The Division of Parks and Forestry is part of the Natural and Historic Resources Group in the Department of Environmental Protection. The department is a cabinet level agency that administers programs focused on preserving, sustaining, protecting and enhancing the environment to ensure the integration of high environmental quality, public health and economic vitality for the people of the state.

Partner Agencies:
Within the Department's Natural and Historic Resources Group, the Office of Natural Lands Management has developed a partnership with the Division of Fish, Game and Wildlife's Endangered and Nongame Species Program, which surveys, regulates, and manages the state's endangered and nongame animal species. The Endangered and Nongame Species Program contributes information on rare animal species to the Natural Heritage Database. It has primary responsibility for review of rare animal species information prior to entry into the Natural Heritage Database.

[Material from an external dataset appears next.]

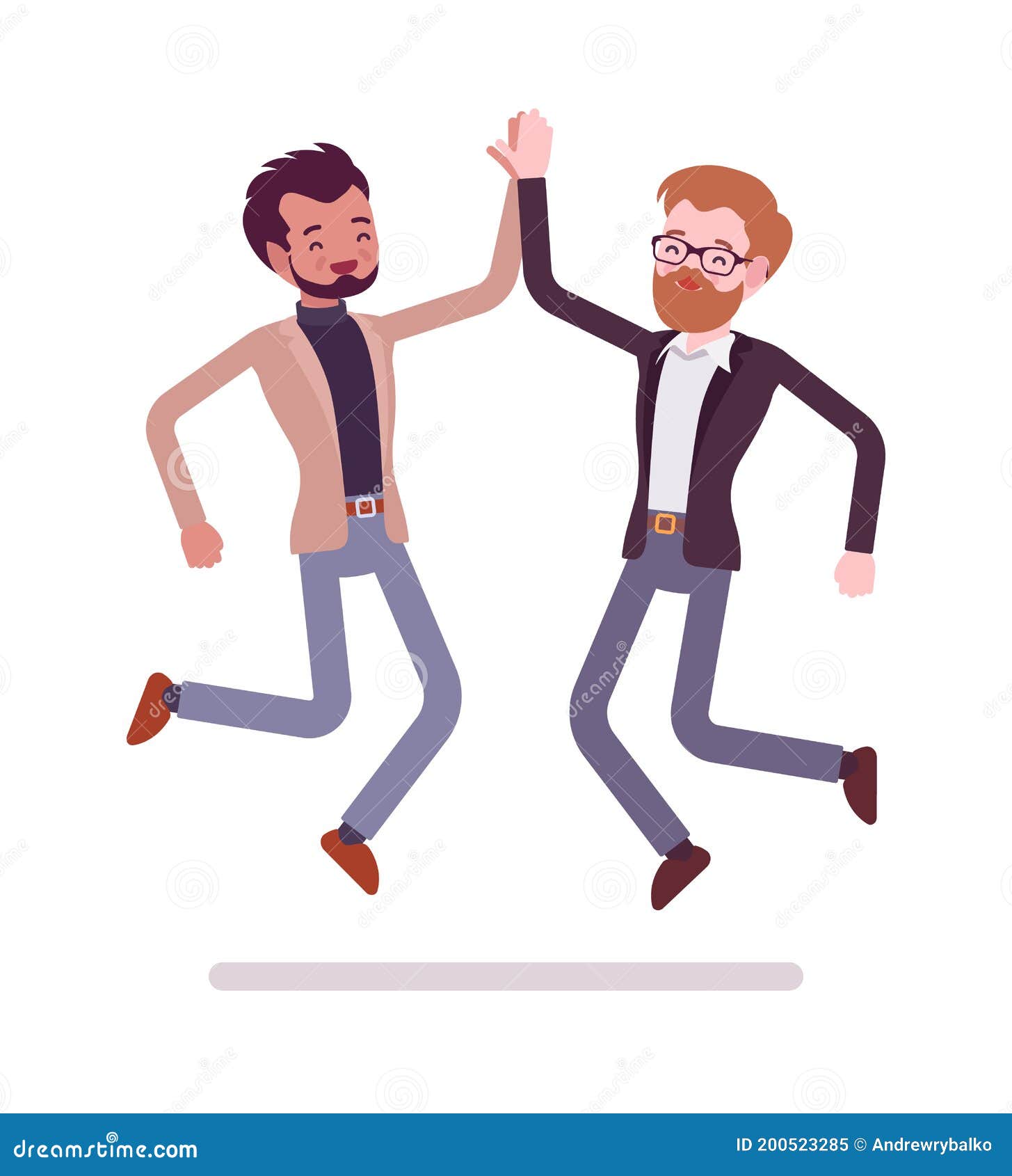 Hombres De Negocios Saltan Cinco Ilustración del Vector - Ilustración de conjunto, inconformista: 200523285 Hombres De Negocios Saltan Cinco Ilustración del Vector - Ilustración de conjunto, inconformista: 200523285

The Office of Natural Lands Management also has developed a partnership with the New Jersey Field Office of the Nature Conservancy. The Nature Conservancy, through its New Jersey Field Office, works to conserve New Jersey's plants, animals and natural communities by protecting the lands and waters they depend upon. The Nature Conservancy developed the award winning BCD software in which the NJ Natural Heritage Database is housed. The NJ Field Office focuses its protection efforts on priority sites for biodiversity identified by the Natural Heritage Database. Information on the protection status of priority sites is regularly shared between the Natural Heritage Program and the Field Office.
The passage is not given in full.